I created a bulletin board in my room for the kiddos to use during math centers. This has their groups, what they are doing during what rotation, who the expert in the group is, and what each rotation means. The groups change whenever we take a quick quiz or a test. I also change them if I feel a student isn’t doing well in the group they are in. The expert is highlighted in blue.
Now that there is some good background information, I’m going to tell you about what my rotations are and what the kiddos are doing at each one.
The first station is meet with teacher. The poster for this rotation reminds students to bring their pencil, whiteboard, and workbook. They come back with me and this is when we do our lesson. Depending on the group I am with, this can take anywhere from 10-20 minutes. My lowest group lasts closer to 25, sometimes 30.
Next, they head to At My Seat. This is where they work on the skill from yesterday. They are usually doing a page in their workbook. The page is usually something we started together during Meet with Teacher the day before. They sometimes work on this themselves and sometimes with a partner or in their group. It just depends on the information I am gathering from this worksheet.
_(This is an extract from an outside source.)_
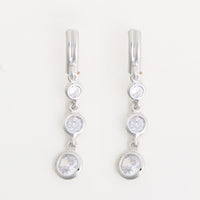 Drop Earrings Dazzlers Graduated CZ Bezel Three-Stone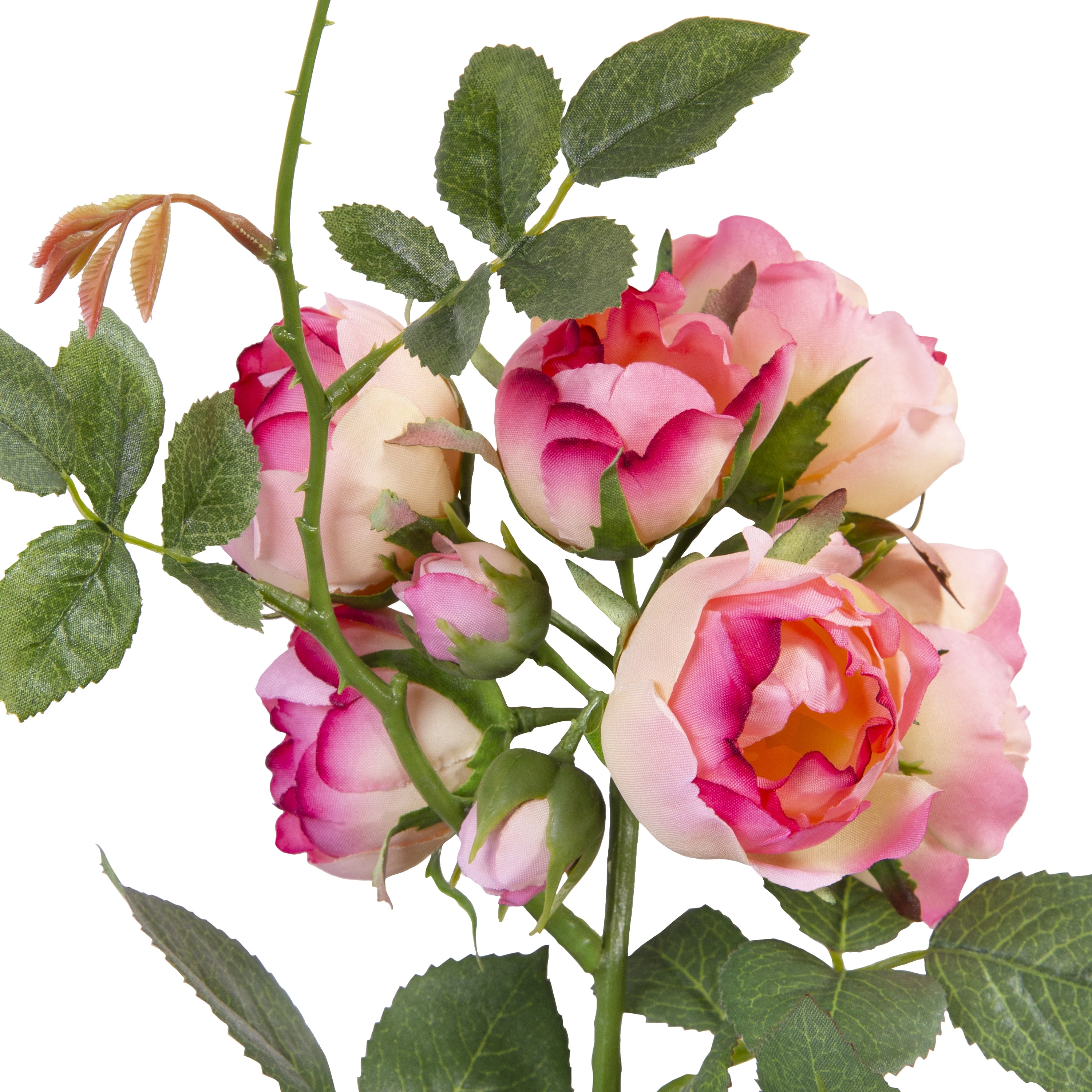 27-inch Artificial Silk Pink Mini Cabbage Roses Mixed Long Stem, for Indoor Use, by Mainstays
They are allowed to grab any manipulatives from the shelf during this time.
Ipads are next. I have 5 iPads to use in my classroom. I never have more than 5 students in a group. Everyone will have an iPad to use. They will either work on Reflex math (our school purchased a subscription), Moby Max (free website), or Front row (also free). I have the log ins for our iPad apps listed under the whiteboard. They can quickly look at instructions for how to log into whatever they need.
We also have math games. They play math games with the people in their group. They aren’t allowed to play with more than 3 people. They also aren’t allowed to play near my Meet with Teacher table. This helps keep the noise level down. If they get too noisy, they are asked to play a game on their own instead. I have quite a few games that can be played with a single player.
There is also a station to work on their math facts. In this station, they work on their flashcards for a few minutes. After this, they can complete a math fact coloring page or an extreme dot-to-dot. The coloring pages are a grid with different math problems in the boxes. Each answer is a different color. They color in the grid and it makes a picture. The extreme dot-to-dots have dots anywhere from 800 to 1000. Since we need to practice counting to 1000, this helps! It is a fun way to practice.
I have about an hour and a half for math every day. This gives us plenty of time to rotate through the groups. While my lower kids are with Meet with Teacher, my higher kids are at iPads or games. This is a station that will keep them engaged for a longer time and they aren’t getting bored and distracted.
The expert in the group isn’t necessarily the expert at math. They are the kiddos who listen and follow directions. They are to answer questions about what to do. This stops the constant bugging me while I am trying to teach a group. It cuts down on interruptions and the kiddos aren’t wasting time waiting for me to talk with them.
I post the groups on the board in a page protector sleeve. I print out a paper with each group to slide into the sleeve. It makes switching out quick and easy. If you are low on paper, you could also print just the rotations and write names on the sleeve with a wet erase marker.
I will try and remember to take pictures later! If you would like a copy of my math posters or my math group rotation posters, leave me your e-mail. I will send them out!
9 thoughts on “Guided Math Part 3”
awesome set-up. While I don’t teach elementary anymore, I’d love a copy to forward to my elementary teaching friends. thanks!
What is the e-mail to send it to?
As former literacy coach and now back in the classroom, I love this idea of guided math. I think it’s important to think of our math instruction as we we think about our literacy instruction. Not all math lessons fit the needs of all students. So finding ways to target instruction and meet the kid where they are, is so important.
I would love to see a photo of your guided math groups. I do something similar but don’t assign work with the teacher…I travel to them at their station. I tend to spend a lot of math time on the floor since most of them choose to do their work sitting or lying. We do a whole group lesson before switching to stations.
I bet the students really like this for math.
You have really thought this through! It sounds as if your students will be very engaged, no matter where they are in the rotation for math. Excellent!
I marvel at the rotation concepts in math classrooms. Sound like you keep the engagement up throughout their learning!
This was a very thorough description. I love the idea of rotations in math, but I know a lot of teachers struggle with the idea. I would love to see your pictures & the posters.